-- Work request --
Any picture in the material should be left out, while all other lines are copied exactly.

___ Study material

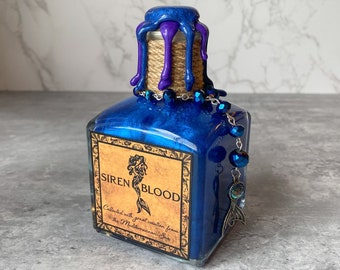 May include: A blue glass bottle with a purple and blue wax seal. The bottle has a label that reads "SIREN BLOOD Collected with great caution from the Mediterranean Sea".
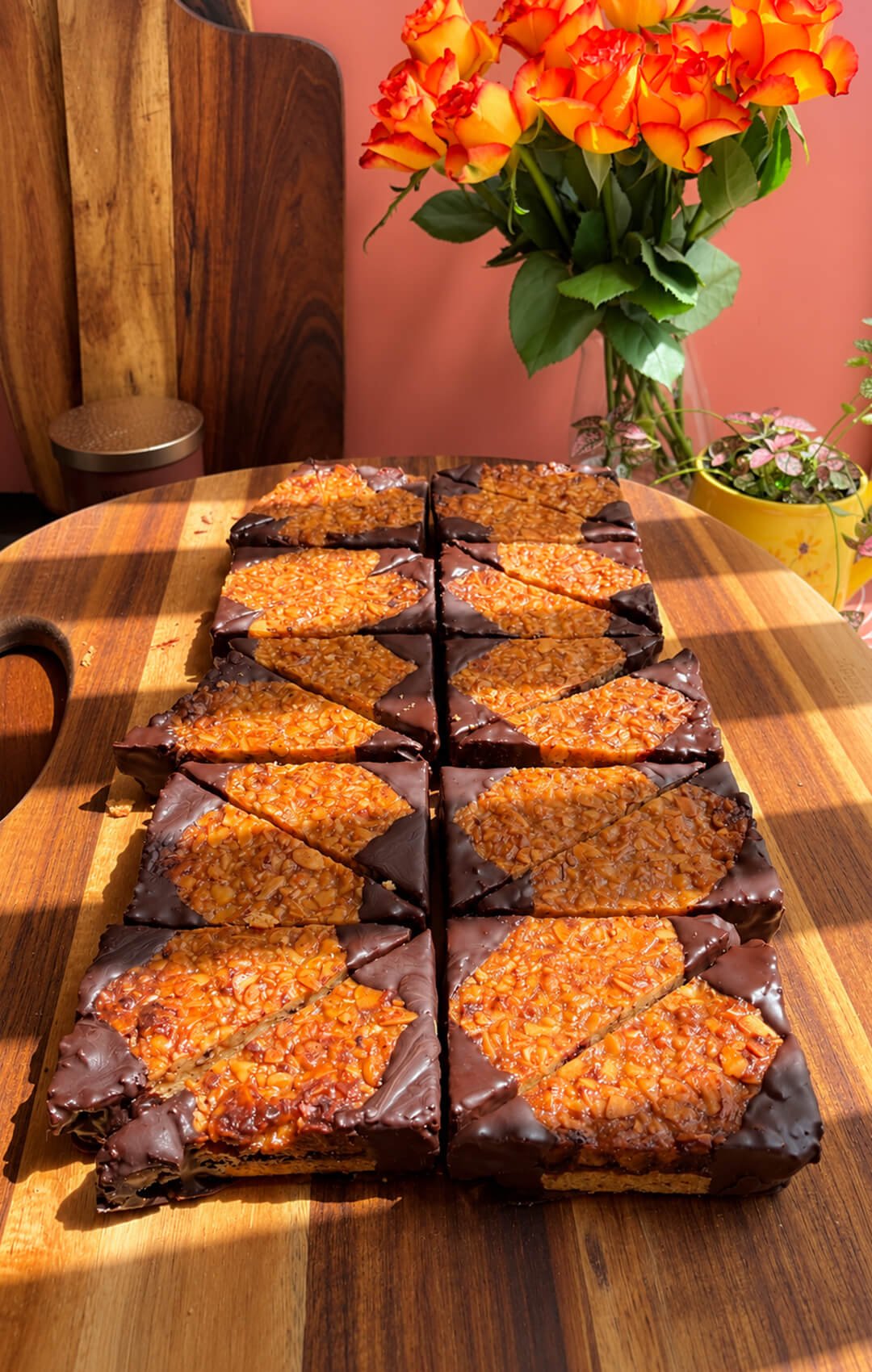 Homemade German nut corners arranged on a wooden board with golden almond walnut topping and dark chocolate dipped corners.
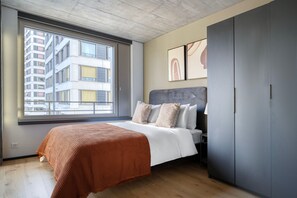 A bedroom with a bed, a window, a wardrobe, and artwork on the wall. - Inviting Oerlikon 2BR w/ Storage Space & W/D, nr Market, by Blueground (Zurich)
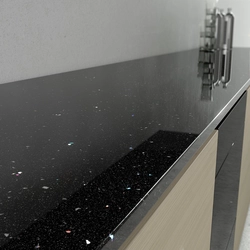 Photo of black artificial stone in the kitchen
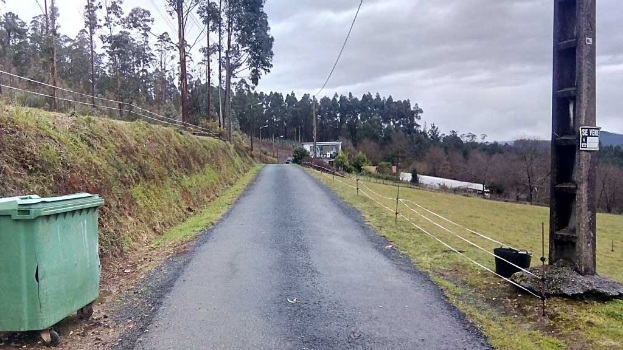 Grüner Mülltonnen am Rande einer Straße mit Gras, Pflanzen, Bäumen, Masten, Drähten und einem Zaun, unter einem bewölkten Himmel, mit einer Masttafel auf der rechten Seite und verstreuten Gegenständen auf der linken Seite.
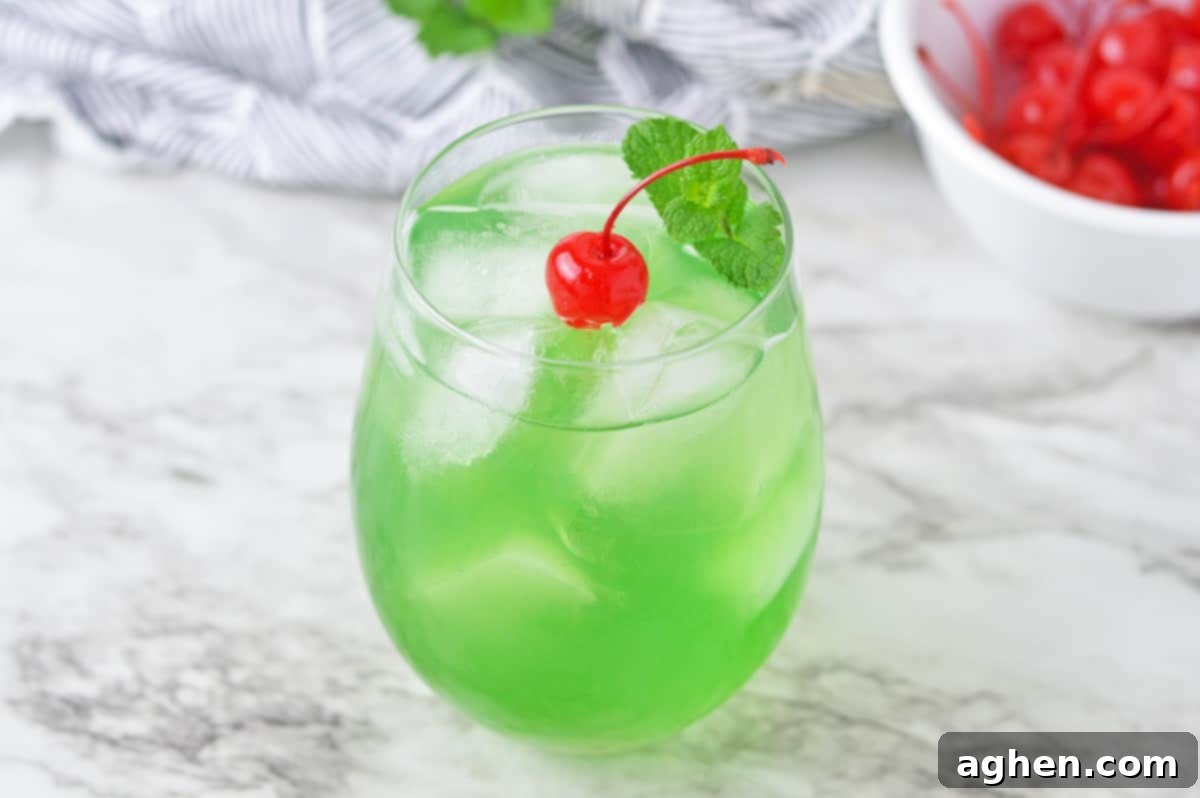 Green drink garnished with cherry and mint.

______

-- Your solution --
 May include: A blue glass bottle with a purple and blue wax seal. The bottle has a label that reads "SIREN BLOOD Collected with great caution from the Mediterranean Sea".
 Homemade German nut corners arranged on a wooden board with golden almond walnut topping and dark chocolate dipped corners.
 A bedroom with a bed, a window, a wardrobe, and artwork on the wall. - Inviting Oerlikon 2BR w/ Storage Space & W/D, nr Market, by Blueground (Zurich)
 Photo of black artificial stone in the kitchen
 Grüner Mülltonnen am Rande einer Straße mit Gras, Pflanzen, Bäumen, Masten, Drähten und einem Zaun, unter einem bewölkten Himmel, mit einer Masttafel auf der rechten Seite und verstreuten Gegenständen auf der linken Seite.
 Green drink garnished with cherry and mint.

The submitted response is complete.